▶ _ASSIGNMENT_
Write out the listing below in full and exactly, leaving out every picture.

▶ _INFORMATION PROVIDED_
####

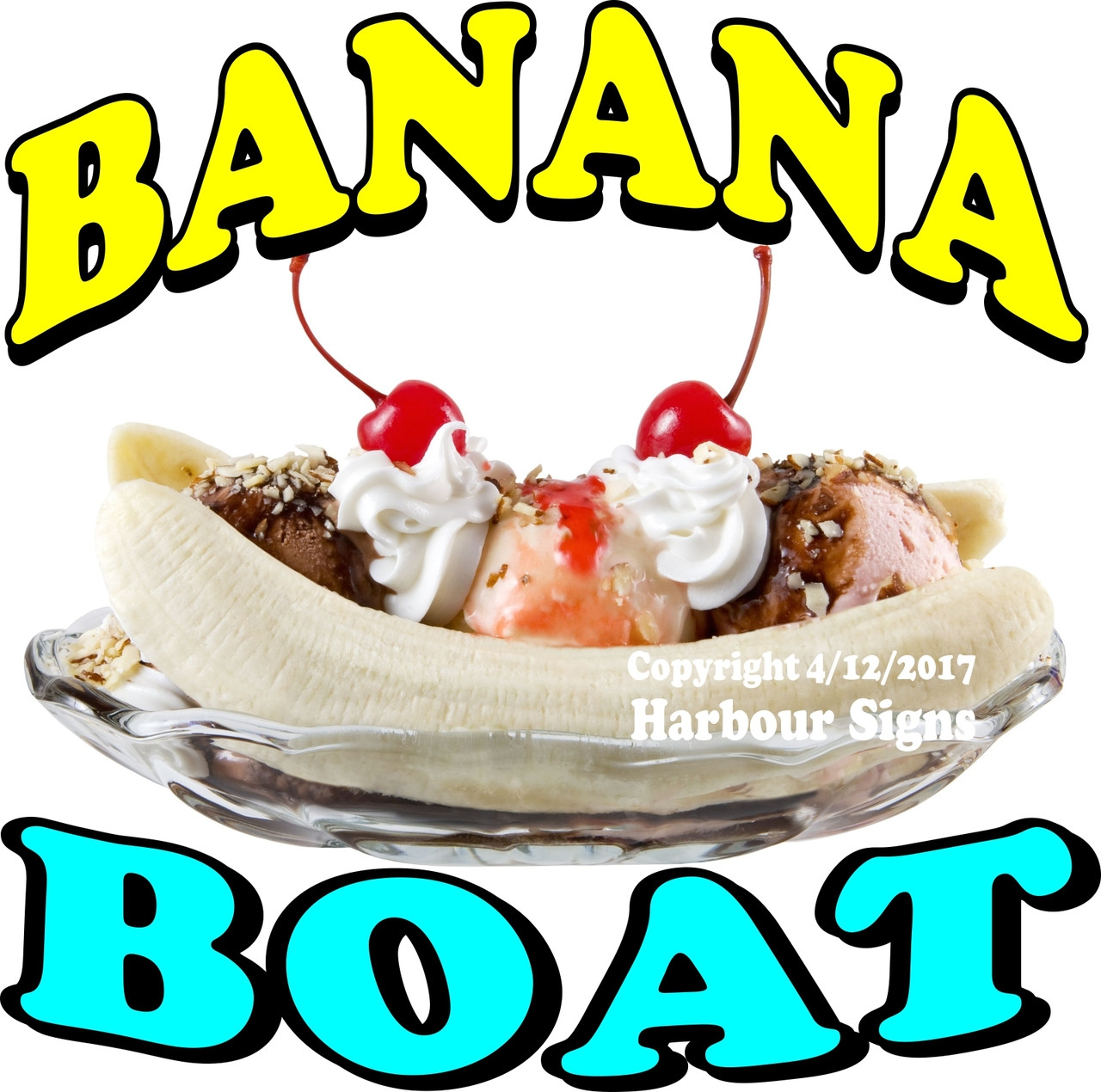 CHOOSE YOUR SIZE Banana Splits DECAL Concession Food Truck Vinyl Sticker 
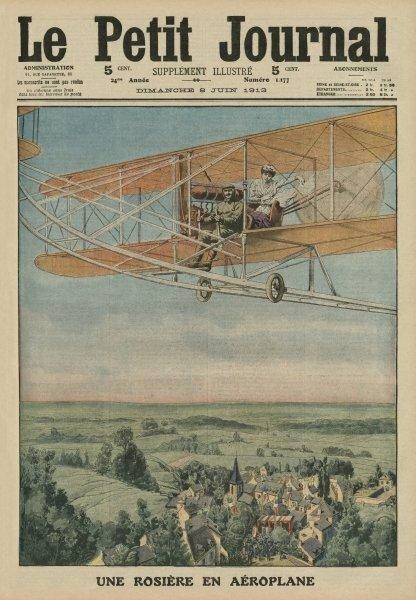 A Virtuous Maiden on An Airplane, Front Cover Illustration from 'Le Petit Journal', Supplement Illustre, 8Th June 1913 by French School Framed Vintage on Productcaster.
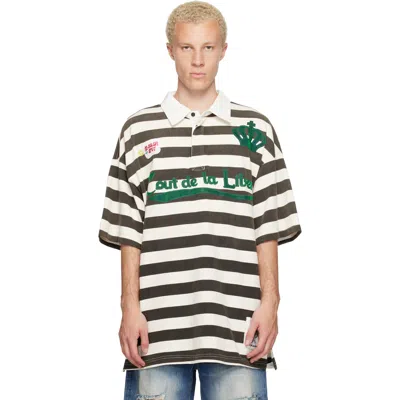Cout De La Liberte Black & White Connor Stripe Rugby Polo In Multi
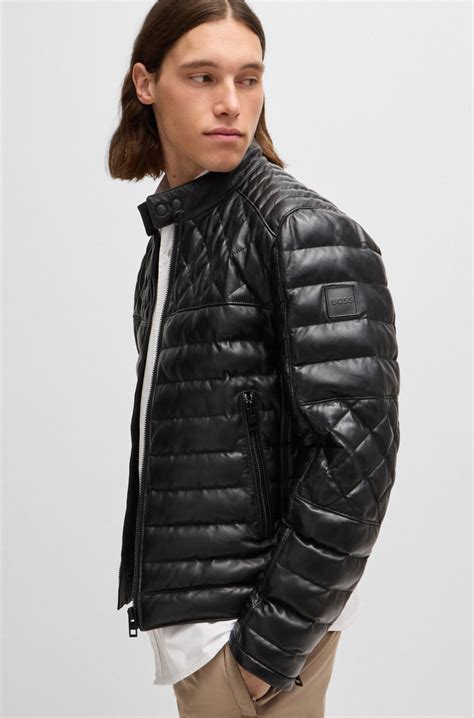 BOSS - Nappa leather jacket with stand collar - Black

####

▶ _TASK SOLUTION_
 CHOOSE YOUR SIZE Banana Splits DECAL Concession Food Truck Vinyl Sticker 
 A Virtuous Maiden on An Airplane, Front Cover Illustration from 'Le Petit Journal', Supplement Illustre, 8Th June 1913 by French School Framed Vintage on Productcaster.
Cout De La Liberte Black & White Connor Stripe Rugby Polo In Multi
 BOSS - Nappa leather jacket with stand collar - Black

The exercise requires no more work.